Present bar's volume is compared with the previous bar's volume to know if it's rising or falling.
VWAP is also determined using `ta.vwap` built-in support of TradingView.
The Bolling Band width is also notified, along with whether it is rising or falling (comparing with previous candle).
Simple, but effective.
Customization
As usual the EMA setup (5 default), the BB setup (20 SMA with 1.5 standard deviation), we provided option wherther to include or exclude BB role in the 5-EMA setup (as we found out there are two schools of thought .. some people use BB some don't. Lets make all happy :))
We also provide options to choose other symbols using Settings if they wish so. We have the default 40 non banking Nifty stocks (why non-banking? - Bank Nifty is in ATH :) .. enough :)). But if user wishes can monitor others too (provided the symbol is there in TradingView).
Although we strongly recommend the timeframe as 30 minutes , you can choose what's fit you most.
The output of the scanner is a table. By default the table is placed in the right-bottom (as we are most comfortable with that). However you can change per your wish. We have the option to choose that.
What is unique in it ?
This is more of an indicator. This is a scanner (of Nifty-50 stocks). So you can apply (our recommendation is in 30m timeframe) it to any chart (does not matter which chart it is) and it will show every 30 mins (which is also configurable) which all stocks (along with trade levels) to Buy and Sell according to the setup.

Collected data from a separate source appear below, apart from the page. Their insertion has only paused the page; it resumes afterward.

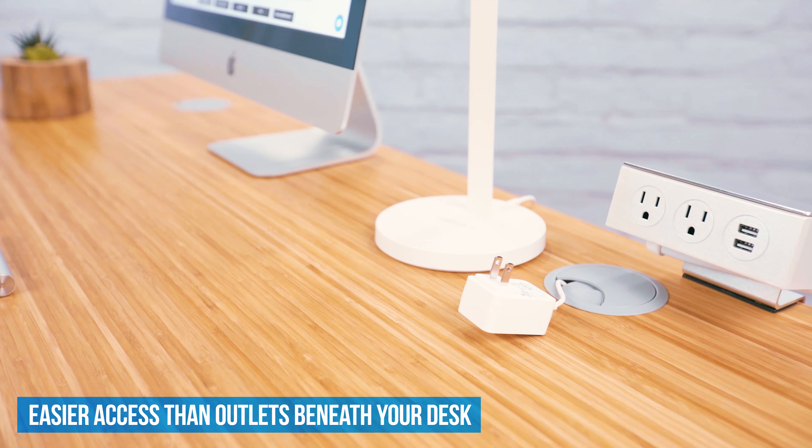The wide clamp fits most desktop edges and the 10-foot long power cord ensures you're able to raise and lower your desk safely.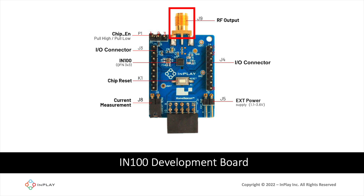J9 is the RF output — the SMA connector for connecting an external antenna. Finally, J5 controls the external power. This is a way to power the development board using an external source instead of a battery, and it accepts a wide operating voltage range from 1.1 volts all the way up to 3.6 volts.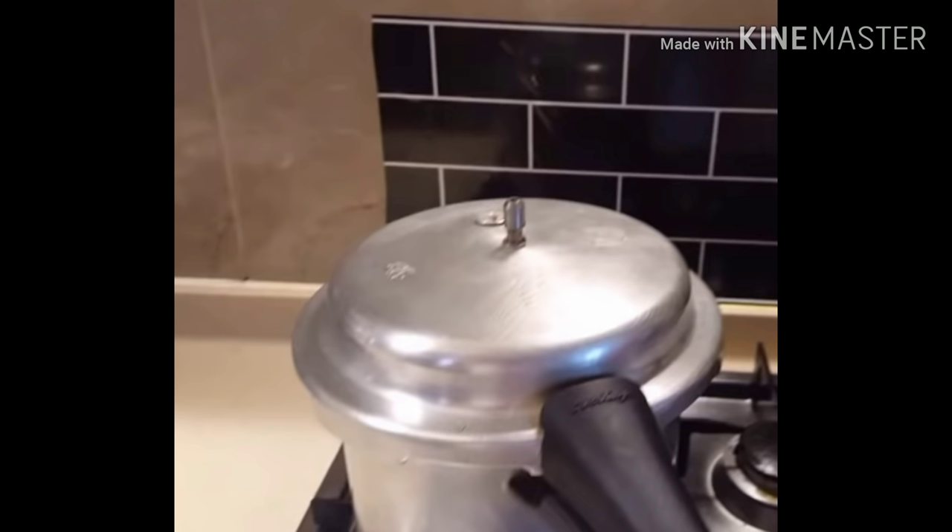Often there are sounds when you use the cooker. As long as you don't really want to get a whistle, you can take it back a little bit.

It will ease your trading activity.
You can concentrate only on the execution, the filtering you can leave it to this one.
Limitations
There is a build in limitation of the TradingView platform is that one can call only upto 40 securities API. Not beyond that. So naturally we are constraint by that. Otherwise we could monitor 190 Nifty F&O stocks itself.
30m is the recommended timeframe. In very lower (say 5m) this script tends to go out of heap (out of memory). Please note that also.
How to trade using this?
Put any chart in 30m (recommended) timeframe.
Apply this screener from Indicators (shortcut to launch indicators is just type / in your keyboard).
This will provide the Buy (shown in green color) or Sell (shown in red color) recommendations in a table, at every 30m candle closing.
Note the volume and BB width as well.
Wait for at least 2 5-minutes candles to close above/below the recommended level .
Take the trade with the SL and target mentioned.
Mentions
@QuantNomad. The whole implementation concept we mercilessly borrowed from him, even some of his code snippet we took it (after asking him through one of his videos comment section and seeking explicit permission which he readily granted within an hour). Thank You sir @QuantNomad. Indebted to you.
Monika (Rawat) ji: for reviewing, correcting, providing real time examples during live market hours, often compromising her own trading activities, about the effectiveness and usefulness of this setup. Thank You madam ji. Indebted to you.
There are innumerable contents in social media about this. Don't even know whom all we checked. Thanks to all of them.
Happy Trading (in stocks - isn't enough of Indices already?)
Disclaimer
This piece of software does not come up with any warrantee or any rights of not changing it over the future course of time.
We are not responsible for any trading/investment decision you are taking out of the outcome of this indicator.